Engineering Merit Badge

Click here for the official guidelines from the Boy Scouts of America for the Engineering Merit Badge.

Engineering comes in many forms. This can include the design of large buildings and structures as well as nanotechnology. Engineering produces useful tools in all kinds of sizes for all kinds of uses.

This badge requires you to select a manufactured item in your home. If you are building a self-watering container garden, then the manufactured item you select could be any number of things you use or have used with your garden. In fact, if you’ve followed our instructions and built a self-watering bucket container, then you have manufactured something and it can be your example. Information about what it is and how it works is included with our step-by-step instructions and video on how to build self-watering bucket containers, which can be found by clicking here.

Where this badge requires you to select an engineering achievement that has had a major impact on society, consider the impact had by the invention of terraced rice paddies in ancient China, the Philippines, and elsewhere in Asia as long as 2000 years ago. These monumental feats of engineering transformed thousands of square miles of mountainside throughout the southern, southeastern, and eastern regions of China and are still in use today. The engineering techniques used for traditional rice paddy terrace farming hasn’t changed since it began, uses no heavy equipment, and is highly successful; its success is why it has remain unchanged for 2000 years.

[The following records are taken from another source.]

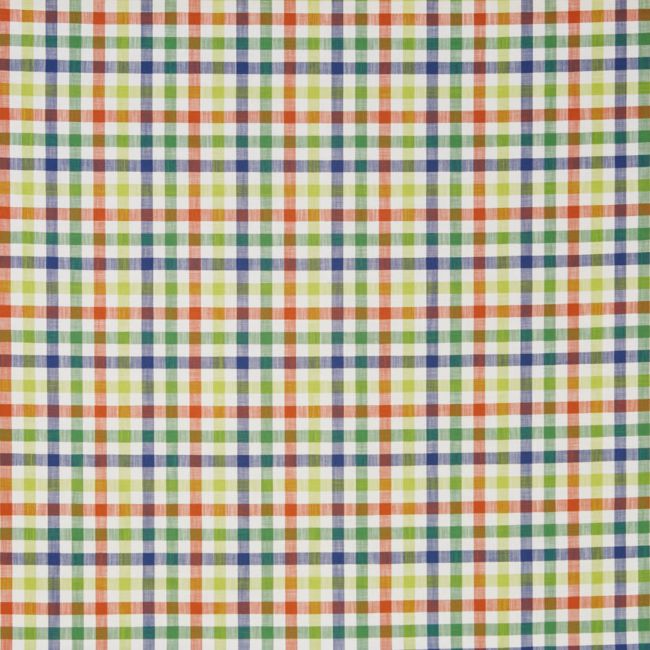 Hopscotch Nursery Fabric - Multicolor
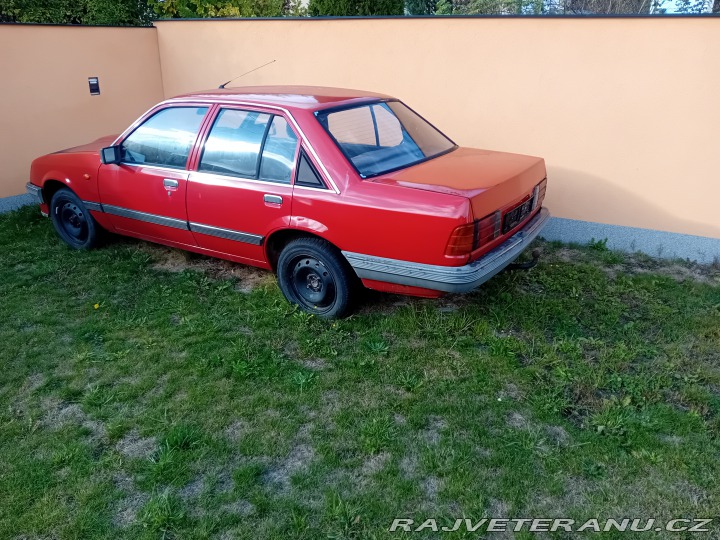 Opel Rekord E 1986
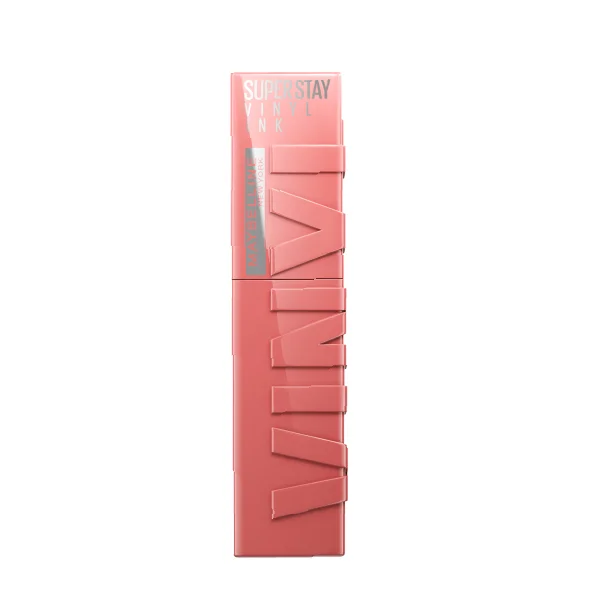 Maybelline - Super Stay Vinyl Ink Lipstick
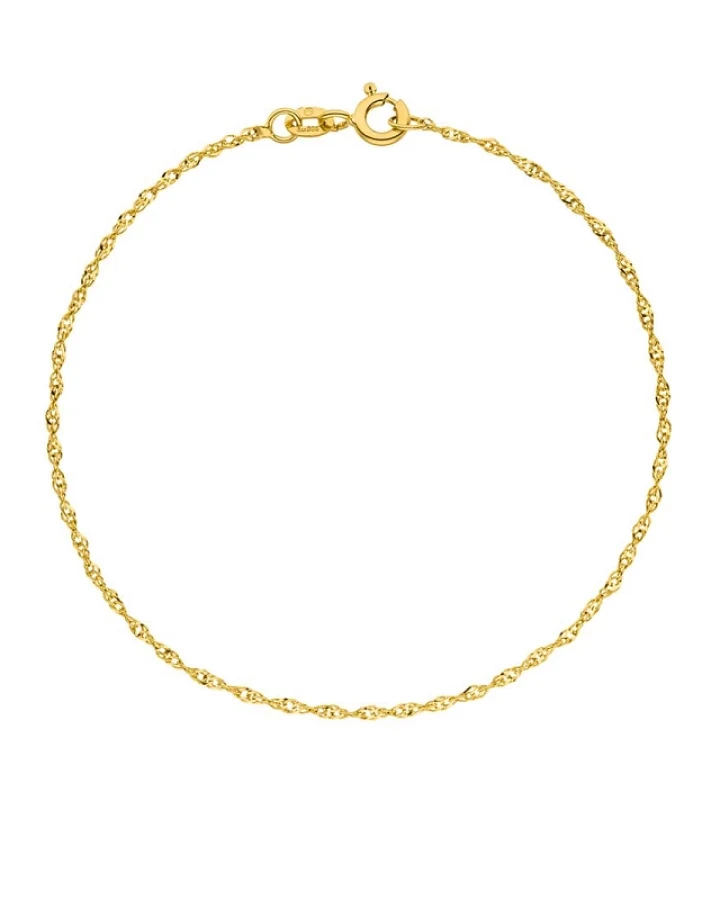 Dear Darling Berlin Damen vegan Armband The Heavenly 14k Echtgold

Rice terraces of Yuanyang, Yunnan, China

If you are doing a self-watering container project with a patrol, consider making an original design for a piece of patrol equipment that relates to your patrol’s gardening activities to satisfy one option for this badge. If you opt to make a simple model that demonstrates motion, consider building a scarecrow whose arms and/or head move to scare the birds. If you opt to conduct experiments converting energy, consider greenhouse and/or growing projects that examine how light can be converted to heat and used by plants to convert nutrients into food energy within growing plants (see our Energy Merit Badge page for more details).